Selanjutnya untuk Raperda Inisiatif tentang Penyelenggaraan Fasilitasi Pondok Pesantren yang disampaikan Ketua BP Perda H Hormansyah menjelaskan usulan raperda ini diajukan untuk mendukung dan memperkuat peran serta konstribusi pesantren di daerah Provinsi Kalsel, karena jumlah pesantren yang tersebar di wilayah Kalsel sangat banyak, maka agar penyelenggaraannya semakin terarah diperlukan instrument hukum yang tepat. Hal ini juga merupakan bagian untuk melembagakan aspirasi masyarakat di Kalsel mengenai keberadaan pondok pesantren.
Lanjutnya pihaknya juga mencermati berbagai ketentuan dalam UU Nomor 18 Tahun 2019 tentang Pesantren dinyatakan beberapa peran pemerintah daerah yang dapat dilakukan untuk memajukan pondok pesantren, salah satunya mengenai pendanaan.
“Karena itu diperlukan instrumen hukum yang bisa memperkuat peran pemerintah provinsi dalam penyelenggaraan pondok pesantren di Kalsel,” sampainya.
Ditegaskannya pengaturan fasilitasi penyelenggaraan fasilitasi pesantren akan dipastikan untuk mengatur sesuai kewenangan pemerintah provinsi di bidang urusan pendidikan sebagaimana lampiran UU Nomor 23 Tahun 2014 tentang Pemerintahan Daerah yakni pada manajemen pendidikan dan penetapan kurikulum muatan lokal pendidikan menengah dan muatan lokal pendidikan khusus serta terkait penerbitan izin pendidikan menengah yang diselenggarakan oleh masyarakat serta penerbitan izin pendidikan khusus yang diselenggarakan oleh masyarakat.
Dipaparkannya Raperda tentang Penyelenggaraan Fasilitasi Pondok Pesantren akan mengatur tentang perencanaan, pembinaan dan pemberdayaan pesantren meliputi pembinaan pesantren, pemberdayaan pesantren, rekognisi atau pengakuan terhadap lembaga pesantren, afirmasi pesantren dan fasilitasi pesantren.
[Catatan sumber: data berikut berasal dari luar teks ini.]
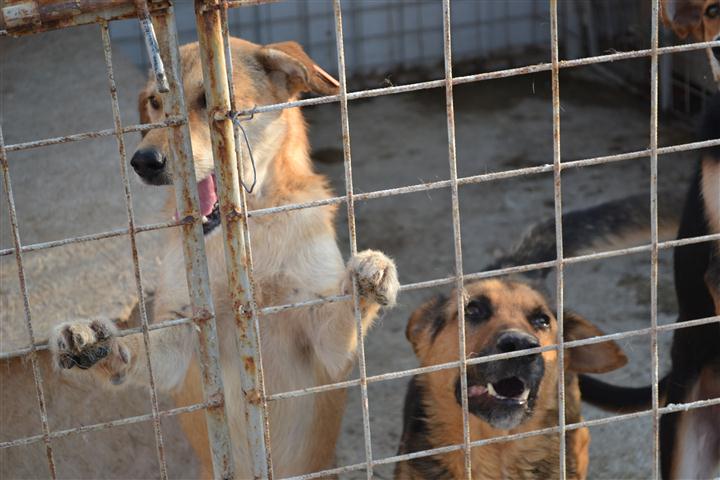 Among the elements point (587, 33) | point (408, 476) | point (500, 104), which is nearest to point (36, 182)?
point (408, 476)

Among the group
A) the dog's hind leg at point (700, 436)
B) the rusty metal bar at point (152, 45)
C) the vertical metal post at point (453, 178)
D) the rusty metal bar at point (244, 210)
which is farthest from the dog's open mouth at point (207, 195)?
the dog's hind leg at point (700, 436)

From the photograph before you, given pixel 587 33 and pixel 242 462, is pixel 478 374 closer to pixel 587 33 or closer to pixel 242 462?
pixel 242 462

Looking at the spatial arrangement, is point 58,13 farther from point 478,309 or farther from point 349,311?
point 478,309

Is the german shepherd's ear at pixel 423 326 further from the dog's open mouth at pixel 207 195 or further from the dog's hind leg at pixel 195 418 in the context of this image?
the dog's open mouth at pixel 207 195

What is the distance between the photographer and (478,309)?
3.98 metres

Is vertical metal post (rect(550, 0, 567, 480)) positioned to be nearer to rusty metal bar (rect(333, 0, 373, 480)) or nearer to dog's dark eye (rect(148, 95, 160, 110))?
rusty metal bar (rect(333, 0, 373, 480))

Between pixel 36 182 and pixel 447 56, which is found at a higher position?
pixel 447 56

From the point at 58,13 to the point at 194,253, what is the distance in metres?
0.66

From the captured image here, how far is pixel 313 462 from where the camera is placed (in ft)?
12.5

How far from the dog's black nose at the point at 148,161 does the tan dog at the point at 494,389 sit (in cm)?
131

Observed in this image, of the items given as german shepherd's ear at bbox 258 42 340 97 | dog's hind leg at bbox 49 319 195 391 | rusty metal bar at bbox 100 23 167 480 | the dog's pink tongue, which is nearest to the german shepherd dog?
german shepherd's ear at bbox 258 42 340 97

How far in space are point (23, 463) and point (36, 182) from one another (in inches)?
62.8

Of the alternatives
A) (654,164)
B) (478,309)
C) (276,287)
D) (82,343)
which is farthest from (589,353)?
(82,343)

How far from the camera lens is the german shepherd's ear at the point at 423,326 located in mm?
4152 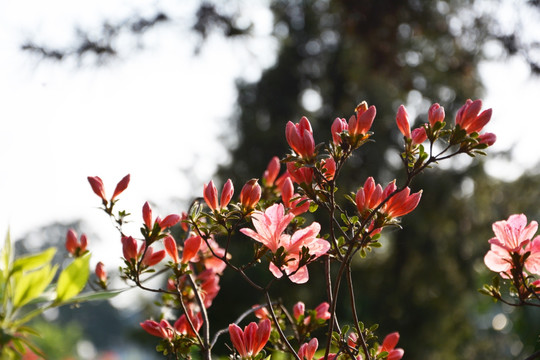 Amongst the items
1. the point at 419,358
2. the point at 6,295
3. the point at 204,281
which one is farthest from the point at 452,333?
the point at 6,295

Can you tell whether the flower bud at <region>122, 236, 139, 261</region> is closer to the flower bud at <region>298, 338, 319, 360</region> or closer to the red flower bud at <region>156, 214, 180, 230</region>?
the red flower bud at <region>156, 214, 180, 230</region>

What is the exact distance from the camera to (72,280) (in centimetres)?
41

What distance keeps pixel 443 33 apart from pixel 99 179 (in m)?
3.65

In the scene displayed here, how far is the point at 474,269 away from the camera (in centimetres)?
627

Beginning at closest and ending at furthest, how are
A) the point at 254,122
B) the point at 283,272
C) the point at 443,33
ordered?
the point at 283,272 < the point at 443,33 < the point at 254,122

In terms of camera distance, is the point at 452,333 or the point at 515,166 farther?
the point at 452,333

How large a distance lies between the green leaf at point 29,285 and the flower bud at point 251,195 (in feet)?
1.14

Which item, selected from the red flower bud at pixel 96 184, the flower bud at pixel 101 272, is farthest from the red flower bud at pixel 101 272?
the red flower bud at pixel 96 184

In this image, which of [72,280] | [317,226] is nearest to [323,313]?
[317,226]

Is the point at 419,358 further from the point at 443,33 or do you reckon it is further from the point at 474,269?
the point at 443,33

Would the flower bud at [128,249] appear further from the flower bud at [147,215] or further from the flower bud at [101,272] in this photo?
the flower bud at [101,272]

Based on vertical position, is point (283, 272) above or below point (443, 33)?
below

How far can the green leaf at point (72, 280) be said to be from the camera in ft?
1.32

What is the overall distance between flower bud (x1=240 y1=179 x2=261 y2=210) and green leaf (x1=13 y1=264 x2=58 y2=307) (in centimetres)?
35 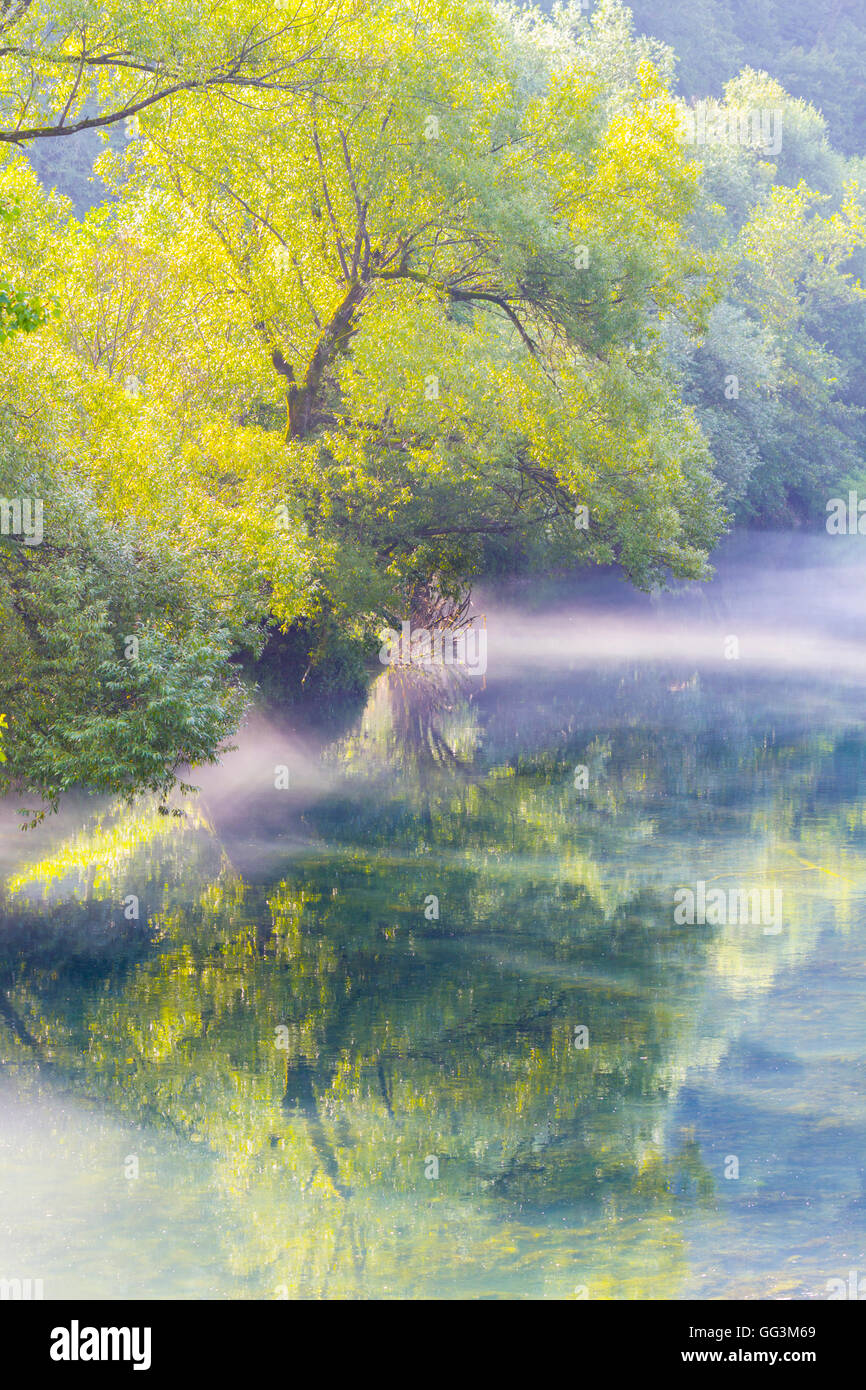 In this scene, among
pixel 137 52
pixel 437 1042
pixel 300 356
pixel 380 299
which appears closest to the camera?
pixel 437 1042

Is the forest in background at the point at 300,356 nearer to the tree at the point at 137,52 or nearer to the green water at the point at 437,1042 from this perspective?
the tree at the point at 137,52

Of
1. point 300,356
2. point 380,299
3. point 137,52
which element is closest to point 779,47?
point 380,299

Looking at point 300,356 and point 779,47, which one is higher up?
point 779,47

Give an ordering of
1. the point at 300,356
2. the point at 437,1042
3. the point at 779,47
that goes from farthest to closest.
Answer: the point at 779,47
the point at 300,356
the point at 437,1042

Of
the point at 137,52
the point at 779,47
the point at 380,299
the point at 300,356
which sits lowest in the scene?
the point at 300,356

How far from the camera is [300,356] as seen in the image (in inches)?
1203

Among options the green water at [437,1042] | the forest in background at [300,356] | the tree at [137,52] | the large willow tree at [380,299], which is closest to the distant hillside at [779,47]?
the forest in background at [300,356]

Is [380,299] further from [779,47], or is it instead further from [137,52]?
[779,47]

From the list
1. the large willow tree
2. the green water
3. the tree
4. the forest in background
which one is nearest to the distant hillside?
the forest in background

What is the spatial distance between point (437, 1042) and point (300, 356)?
19.0 metres

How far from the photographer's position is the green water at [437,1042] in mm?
10570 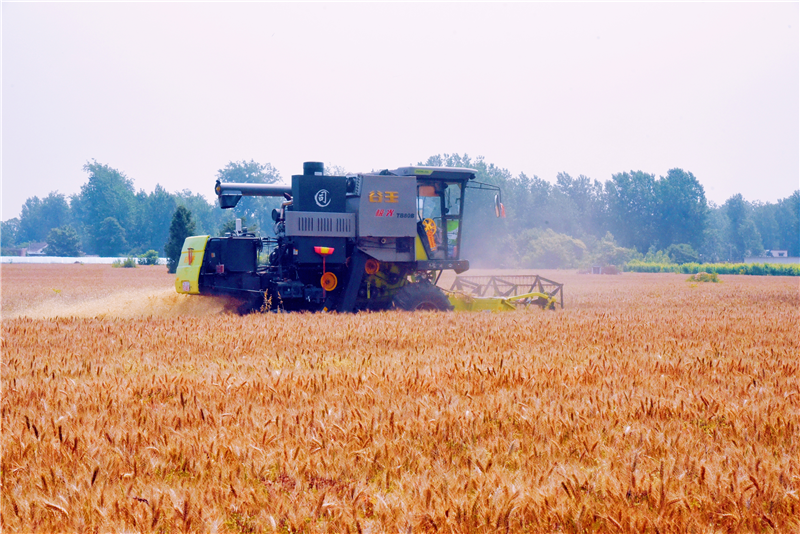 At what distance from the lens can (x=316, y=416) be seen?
14.2 feet

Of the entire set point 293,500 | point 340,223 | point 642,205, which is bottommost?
point 293,500

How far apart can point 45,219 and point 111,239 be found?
47054 millimetres

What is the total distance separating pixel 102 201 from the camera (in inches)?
3949

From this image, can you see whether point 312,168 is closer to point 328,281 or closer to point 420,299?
point 328,281

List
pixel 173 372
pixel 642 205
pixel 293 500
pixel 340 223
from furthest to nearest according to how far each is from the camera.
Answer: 1. pixel 642 205
2. pixel 340 223
3. pixel 173 372
4. pixel 293 500

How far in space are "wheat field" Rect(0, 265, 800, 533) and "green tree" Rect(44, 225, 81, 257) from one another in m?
98.3

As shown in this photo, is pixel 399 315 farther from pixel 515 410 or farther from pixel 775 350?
pixel 515 410

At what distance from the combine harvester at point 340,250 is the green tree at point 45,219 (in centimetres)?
13009

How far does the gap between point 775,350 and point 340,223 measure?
25.0 ft

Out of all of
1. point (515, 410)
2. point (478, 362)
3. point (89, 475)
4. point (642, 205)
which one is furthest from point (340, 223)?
point (642, 205)

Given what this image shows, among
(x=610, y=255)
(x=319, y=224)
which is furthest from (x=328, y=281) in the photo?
(x=610, y=255)

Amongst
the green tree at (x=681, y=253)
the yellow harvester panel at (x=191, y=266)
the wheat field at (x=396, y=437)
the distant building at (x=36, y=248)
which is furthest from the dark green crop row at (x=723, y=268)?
the distant building at (x=36, y=248)

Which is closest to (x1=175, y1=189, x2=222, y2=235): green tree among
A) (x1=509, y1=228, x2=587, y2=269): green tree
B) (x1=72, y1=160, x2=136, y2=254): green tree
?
(x1=72, y1=160, x2=136, y2=254): green tree

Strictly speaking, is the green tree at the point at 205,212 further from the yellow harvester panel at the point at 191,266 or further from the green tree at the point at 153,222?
the yellow harvester panel at the point at 191,266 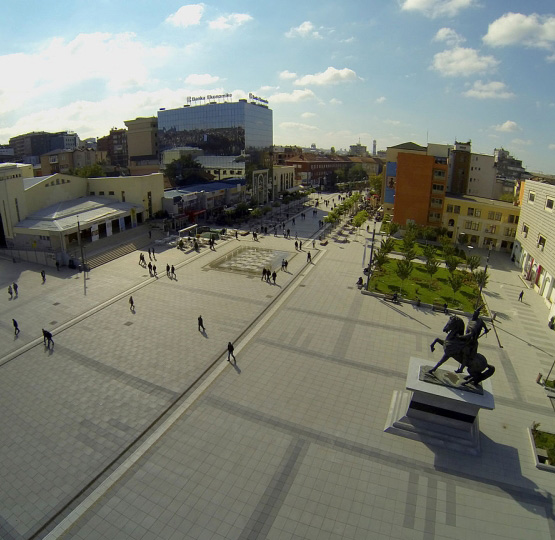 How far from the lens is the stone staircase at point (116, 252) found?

Selain itu juga akan mengatur koordinasi dan komunikasi, partisipasi masyarakat, sinergitas, kerjasama dan kemitraan, sistem informasi, tim pengembangan dan pemberdayaan pesantren serta pendanaan.
Disebutkannya pengaturan tersebut akan dimasukan dalam pasal-pasal yang terdiri dari bab ketentuan umum, bab kebijakan umum, bab perencanaan, pelaksanan pengembangan pesantren, bab koordinasi dan komunikasi, bab partisipasi masyarakat, bab sinergitas kerjasama dan kemitraan, bab sistem informasi, bab tim pengembangan dan pemberdayaan pesantren dan bab pendanaan serta bab ketentuan penutup.
“Usulan raperda ini sudah pula kami lakukan koordinasi bersama Biro Hukum Setda Provinsi Kalsel, sehingga secara prinsipil raperda ini dapat dilanjutkan ke tahap berikutnya sesuai ketentuan peraturan perundang-undangan,” pungkasnya.
Usai mendengarkan pemaparan dari masing-masing pengusul raperda inisiatif ini, seluruh fraksi dewan yang berjumlah delapan fraksi dalam pemandangan umum dapat menerima usulan empat buaj raperda inisiatif ini untuk dilanjutkan ketahap berikutnya agar dilakukan pembahasan.